Eine neue Studie mit 91 Pflegefachleuten ergab zudem eine positive Wirkung aufs Immunsystem und auf das seelische Befinden. Dies bei denjenigen Teilnehmern, die in den Ferien wanderten und sich eine Stunde pro Tag dem Sprühnebel eines Wasserfalls aussetzten. Beide Studien wurden von der Paracelsus Medizinische Privatuniversität in Salzburg (A) durchgeführt.
Der höchste Wasserfall ist im Berner Oberland
Weil es in der Schweiz so viele Wasserfälle gibt, sind Wanderungen für jeden Fitnessgrad möglich. Der Gesundheitstipp hat einige besonders lohnende Touren ausfindig gemacht. Darunter sind anspruchsvolle Wanderungen in den Alpen mit vielen Höhenmetern, aber auch gemütliche im Mittelland.
Der Zürcher Geograf Christian Schwick ist seit vielen Jahren von Wasserfällen begeistert: Er hat in der ganzen Schweiz bereits rund 600 besucht. Die spektakulärsten hat er in einem Wanderbuch vorgestellt. «Man kann Wasserfälle gut mit Kindern besuchen und unterwegs Würste bräteln», sagt Schwick.
Die meisten Wasserfälle gibt es am Alpennordhang – von den Berner bis zu den Bündner Alpen. Der höchste liegt im Lauterbrunnental im Berner Oberland: der 417 Meter hohe Mürrenbachfall. Zudem findet man in keinem anderen Tal so viele Wasserfälle, es sind über 70.
Ruhe und Entspannung im Mittelland
Allerdings muss man nicht ins Berner Oberland fahren, um Wasserfälle zu erleben. Grafiker Michel Brunner aus Glattbrugg ZH wandert am liebsten zu Zielen, die nicht weit von seinem Wohnort liegen: «Wenn man Ruhe und Entspannung sucht, besucht man besser einen Wasserfall im Mittelland statt in die Alpen zu fahren», sagt er. «Oft bilden die Bäche Kaskaden, die über mehrere Stufen plätschern. Das wirkt entspannend.»

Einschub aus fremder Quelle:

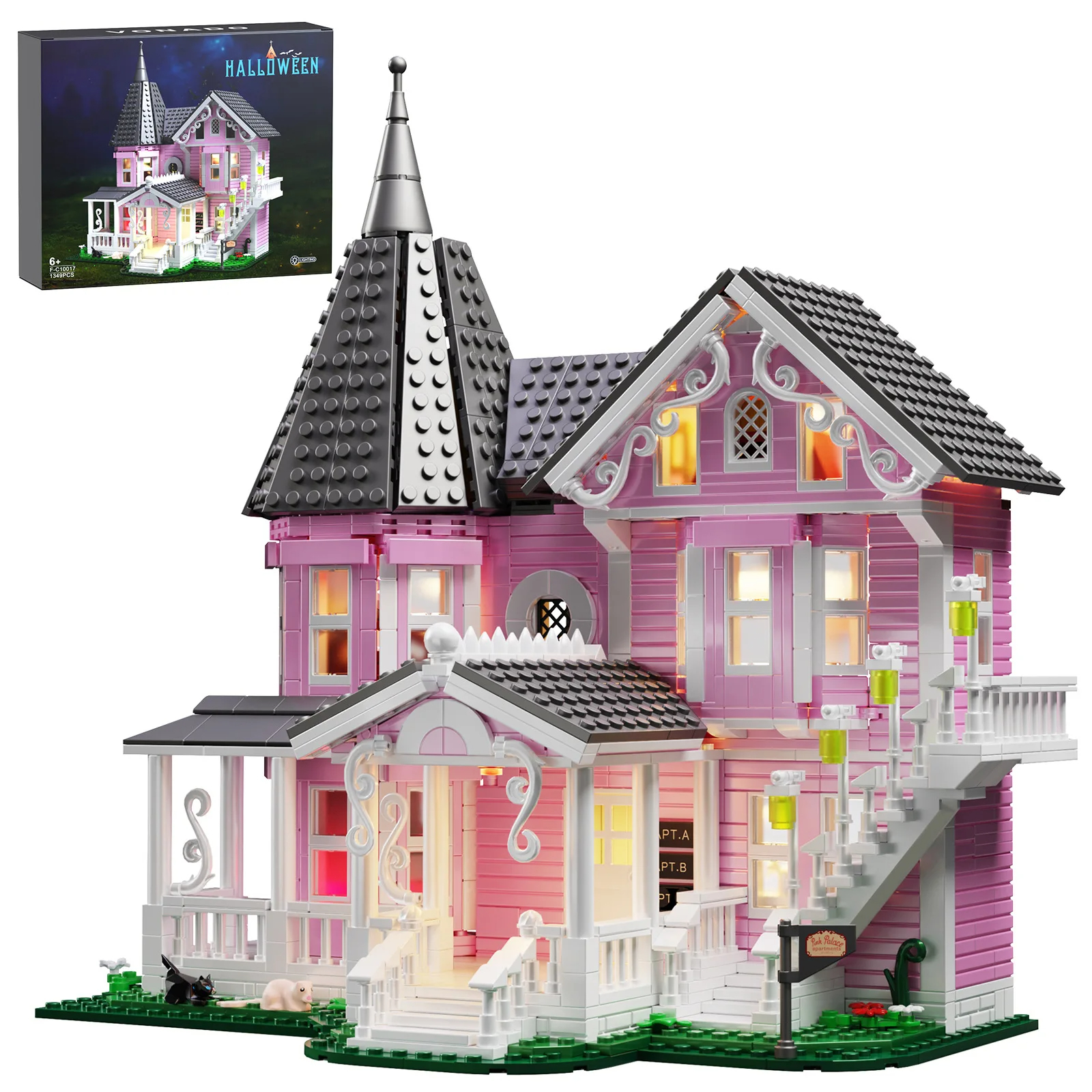 Custom Coraline Pink Palace Building Blocks Toy Set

Auch im dicht besiedelten Kanton Zürich gibt es laut Brunner viele Wasserfälle. Zwar nicht so hohe wie im Lauterbrunnental. Dennoch hat er zusammen mit seinem Vater alleine im Kanton Zürich Hunderte Wasserfälle ausgemacht. Kriterium: Mindestens mannshoch müssen sie sein. Besonders schön ist laut Brunner eine Rundwanderung im Tösstal, bei der man – mit Start am Bahnhof Rämismühle-Zell – Wasserfälle in zwei Tobeln sehen kann.
Ein weiterer Vorteil des Wanderns im Mittelland: Wenn ein Wasserfall ein genügend grosses Becken ausgehöhlt hat, kann man darin baden. In den Alpen ist das wenig ratsam. Christian Schwick sagt: «Wenn es weiter oben, im Einzugsgebiet des Bachs, ein Gewitter gibt, kann ein Wasserfall plötzlich stark anschwellen.» Deshalb solle man auf allfällige Wolken achten, bevor man ins Bachbett hineingehe. Zudem ist das Wasser von Bergbächen mit nur 5 bis 10 Grad auch im Sommer sehr kalt.
Mutzbachfall, Emmental BE
Route: Ab Bushaltestelle Riedtwil durch das Mutzbachtal mit seinem Wasserfall. Von dort kurzer, steiler Aufstieg durch den Wald nach Rüedisbach und durch hügeliges Gelände nach Wynigen.
Wanderzeit: 2,5 Stunden
Aufstieg: 167 Meter
Abstieg: 134 Meter
Schwierigkeitsgrad: T21
Infos: Wandersite.ch/Tageswanderung/741_Bern.html
Simmenfälle/Iffigfall, Simmental BE
Route: Mit dem Bus vom Bahnhof Lenk zu den Simmenfällen. Von dort Aufstieg zur Quelle der Simme bei den «Sieben Brünnen» auf der Alp Rezliberg.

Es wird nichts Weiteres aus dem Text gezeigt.